The idea is that if you have a linear map $\mathfrak m_{X,p}/\mathfrak m_{X,p}^2 \to k(p)$, and you are given a "function" $f \in \mathfrak m_{X,p}$, the value of the linear map at $f$ should give you the "direction"al derivative of $f$.

Of course, this level of abstraction removes any reference to coordinate patches and such, so it is hard to see what's going on. To remove all the algebro-geometric nonsense and get a particular example, take a manifold $M$ (which is a topological space) and consider the sheaf $\mathcal O_M$ of $C^{\infty}$-functions on $M$, that is, if $U \subseteq M$ is an open set, $\mathcal O_M(U)$ is the set of smooth functions $U \to \mathbb R$. Then $\mathcal O_{M,p}$ consists of all germs of functions at $p$, and $\mathfrak m_{M,p}$ is the maximal ideal of those germs whose value at $p$ is zero. The ideal $\mathfrak m_{M,p}^2$ is the ideal of all finite sums of products of two functions in $\mathfrak m_{M,p}$, and in particular such functions always vanish with multiplicity $\ge 2$ (this is the product rule for differentiation). It is usually shown that the dual of $\mathfrak m_{M,p}/\mathfrak m_{M,p}^2$ corresponds to the space of all derivations at $p$ ; note that in this case, we have $k(p) \simeq \mathbb R$, so that the linear maps $\mathfrak m_{M,p}/\mathfrak m_{M,p}^2 \to k(p)$ actually take values in the real numbers.

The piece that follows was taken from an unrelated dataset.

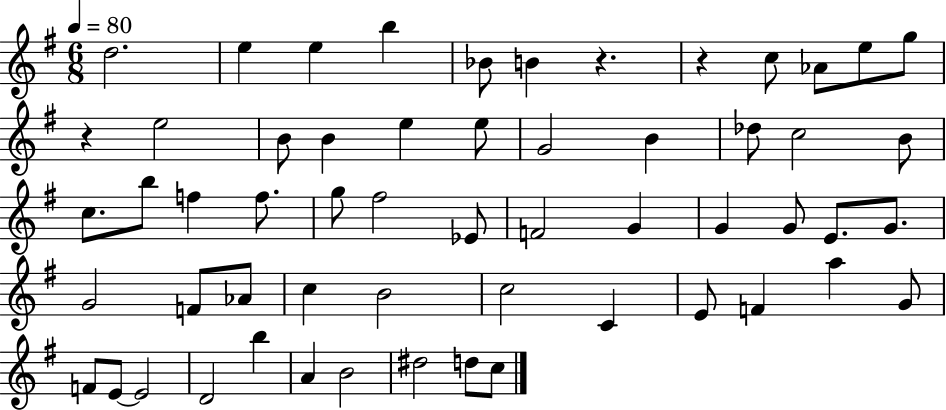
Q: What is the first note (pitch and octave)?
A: D5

Of course, the sheaf $\mathcal O_M$ needs to be defined, and this is usually done at some point using coordinate patches ; you do not get away from dealing with charts when doing differential geometry. Sure, at some point you stop using them if you deal with coordinate-free approaches, but they lie somewhere in the treatment of the theory. My point is that the ideas of differentiation do generalize, and this is just a quick glance of how it does ; algebraic geometry takes "differentiation" to a whole new level.

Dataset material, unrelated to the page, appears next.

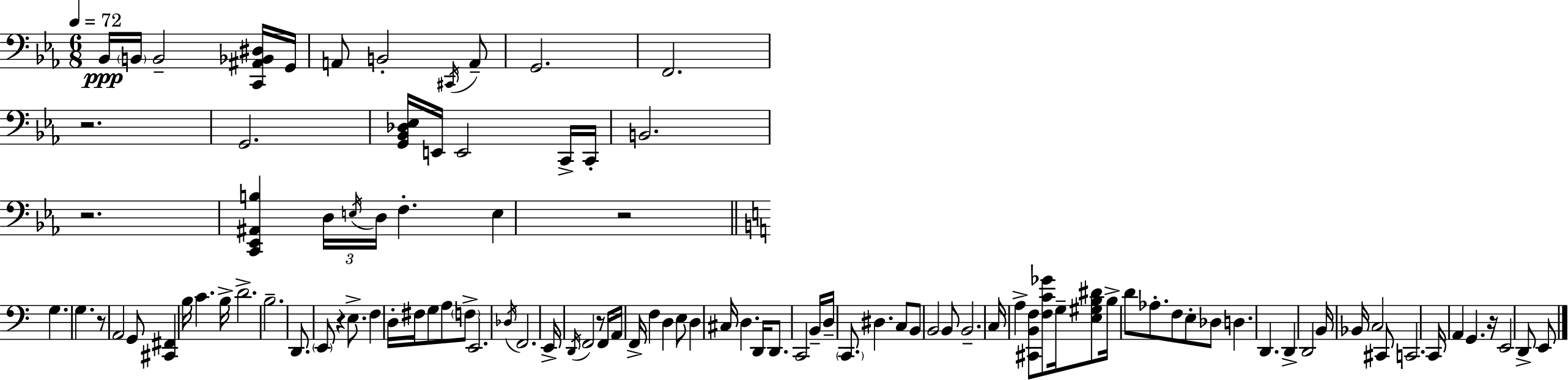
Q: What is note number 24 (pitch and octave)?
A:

As continuity has been weakened and played with in many different ways (weak/weak-star convergence in functional analysis, semi-upper-lower-continuity in optimization, etc.) and differentiation too (Fréchet, Gâteaux, directional derivatives, semi-directional derivatives, Dini derivatives), you should always remember one thing : yes generalizations are useful, but you should never forget why you wanted to generalize in the first place. It can be either because you want to pay attention to a certain class of problems that you cannot solve and want to have a clearer point of view or to build stronger tools, but generalizing for the sake of generalizing usually leads to being confused and losing intuition, which is not what you want. To this day I am still scared of the use of Dini derivatives...

Hope that helps,

It seems some of the frustration is with having to define manifolds from the inside out, by pasting together coordinate charts. It's possible to axiomatize a notion of "smooth object" in such a way that we can work with smooth functions on analogues of manifolds, function spaces, products, quotients, intersections, infinitesimally small spaces, and anything else you (or, at least, I) can imagine, and thus define spaces from the outside in, never using coordinates or charts in the definitions. This theory is called synthetic differential geometry (SDG.)

SDG gives a very different definition of smooth function than one uses classically, because one works in a logical framework in which it's impossible to even define non-smooth functions. So, synthetically, a smooth function is...any function between spaces in a model of SDG! This doesn't mean much until you know about what it takes to be a model of SDG. What SDG axiomatizes is what an object $R$ has to do to be able to act like a smooth line to do some differential geometry: so it has some elements which square to zero on which every function is linear (which leads to the definition of derivative,) a much bigger collection of nilpotent elements on which every function is defined by its Taylor series, every function on it has an antiderivative, etc...Then the other smooth objects all have their maps determined, at least locally, by their relationship to this "line" and its infinitesimally small subspaces.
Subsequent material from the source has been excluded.